In der Modewelt herrscht Hochbetrieb – nicht nur auf den Laufstegen, auch in den Chefetagen. Ganze 15 Modehäuser tauschen ihre Chefdesigner aus. Darunter Gucci, Dior, Chanel: Bei Dior übernimmt der Designer Jonathan Anderson.
Bei Chanel übernimmt Matthieu Blazy. Bei Gucci soll Demna Gvasalia für frischen Glanz sorgen.
Dass der georgische Modedesigner Demna Gvasalia Gucci erneuern soll, passt ins Bild. Zuvor verwandelte der 44-Jährige DHL-Logos in Luxus und blaue Ikea-Taschen in begehrte Accessoires. Mode, die man sofort erkennt – und die sich wie ein Witz im Netz verbreitet.
Bei seiner letzten Show für Balenciaga im Juli trat Kim Kardashian ganz in Weiss, im Negligé, mit schwerem Pelzmantel auf. Ein Auftritt, der zeigt: Demna versteht das Handwerk – aber noch mehr versteht er den Hashtag.
Experte: Mode muss heute «instagrammable» sein
Das Stühlerücken beobachtet auch der Zürcher Modeexperte Jeroen van Rooijen: «Es sind viele Marken, die gerade ihre Chefdesigner auswechseln. Es fällt in eine Zeit, die für diese Marken sehr turbulent ist. Es läuft nicht mehr und entsprechend versuchen sie neues, frisches Blut zu holen.»
Wenn es nicht mehr hip ist, dann muss einer weg und der nächste ran.
Die Zahlen bestätigen das Bild: Kering, der Konzern hinter Gucci, meldet für 2025 einen Gewinneinbruch von über 40 Prozent, bei Gucci allein sanken die Umsätze um ein Viertel. Auch Branchenführer LVMH verzeichnet Rückgänge. Mit dem Druck auf die Bilanzen ändern sich auch die Anforderungen an die Kreativspitzen.
«Die Erwartung heute ist, dass sich Mode spektakulär präsentiert», erklärt Jeroen Van Rooijen. Mode müsse heute sehr «instagrammable» sein, also auf Social Media funktionieren. Das habe den ganzen Wechsel noch mal deutlich beschleunigt. «Wenn es nicht mehr hip ist, dann muss einer weg und der nächste ran.»

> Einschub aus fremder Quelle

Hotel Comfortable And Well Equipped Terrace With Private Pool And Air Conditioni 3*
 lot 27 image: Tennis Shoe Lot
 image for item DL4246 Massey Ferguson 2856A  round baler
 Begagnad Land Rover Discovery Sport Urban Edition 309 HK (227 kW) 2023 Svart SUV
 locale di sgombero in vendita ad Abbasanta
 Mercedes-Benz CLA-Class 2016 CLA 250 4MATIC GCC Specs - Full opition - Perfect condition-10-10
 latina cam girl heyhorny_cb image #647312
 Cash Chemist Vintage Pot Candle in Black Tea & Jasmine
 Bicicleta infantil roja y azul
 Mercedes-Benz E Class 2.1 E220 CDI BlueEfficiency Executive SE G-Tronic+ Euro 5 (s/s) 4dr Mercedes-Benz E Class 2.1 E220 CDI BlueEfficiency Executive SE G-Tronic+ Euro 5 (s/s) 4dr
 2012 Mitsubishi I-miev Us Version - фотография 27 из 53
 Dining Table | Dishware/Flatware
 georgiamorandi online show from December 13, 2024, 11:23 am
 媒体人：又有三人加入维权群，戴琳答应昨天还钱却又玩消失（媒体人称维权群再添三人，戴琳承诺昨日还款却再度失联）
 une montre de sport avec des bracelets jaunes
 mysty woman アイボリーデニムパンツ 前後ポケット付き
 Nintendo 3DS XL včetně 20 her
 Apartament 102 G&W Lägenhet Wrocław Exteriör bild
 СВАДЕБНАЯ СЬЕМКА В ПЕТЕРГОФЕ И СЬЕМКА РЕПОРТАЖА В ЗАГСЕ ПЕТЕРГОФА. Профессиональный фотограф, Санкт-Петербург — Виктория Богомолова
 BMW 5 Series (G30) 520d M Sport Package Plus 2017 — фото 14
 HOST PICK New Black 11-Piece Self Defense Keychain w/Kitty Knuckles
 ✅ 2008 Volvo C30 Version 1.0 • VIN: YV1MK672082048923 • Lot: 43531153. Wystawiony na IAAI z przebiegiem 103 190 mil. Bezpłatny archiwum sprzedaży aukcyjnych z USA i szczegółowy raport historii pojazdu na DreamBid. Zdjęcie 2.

Weniger Schneider, mehr Popstars
Früher hiessen sie Karl Lagerfeld, Donatella Versace, John Galliano – Designer als Stars. Heute setzt man auf Figuren wie Pharrell Williams bei Louis Vuitton: weniger Schneider, mehr Pop-Ikone. Kurz: Es zählt nicht nur das Kleid, sondern auch Reichweite, Markenwert, Schlagzeilen. Die Branche verlangt nach Persönlichkeiten, die Trends setzen wie Popstars.
«Ich denke, das ist vielleicht auch heute irrelevant, ob ein Designer noch Stoffe drapieren und mit einer Schere hantieren kann», so van Rooijen. Es seien ganz andere Kriterien gefragt. «Heute muss man eben diese Klaviatur der Popkultur bedienen können. Das ist viel wichtiger, als einen schönen Schnitt auf den Tisch zu zaubern.»
Die Wechsel in den Chefetagen sind jetzt auf den Laufstegen angekommen. Die Modeschauen zeigen: Fashion muss erst im Feed passieren, bevor sie in den Schränken hängt. Wer das nicht liefert, wird vielleicht schon bald wieder ersetzt.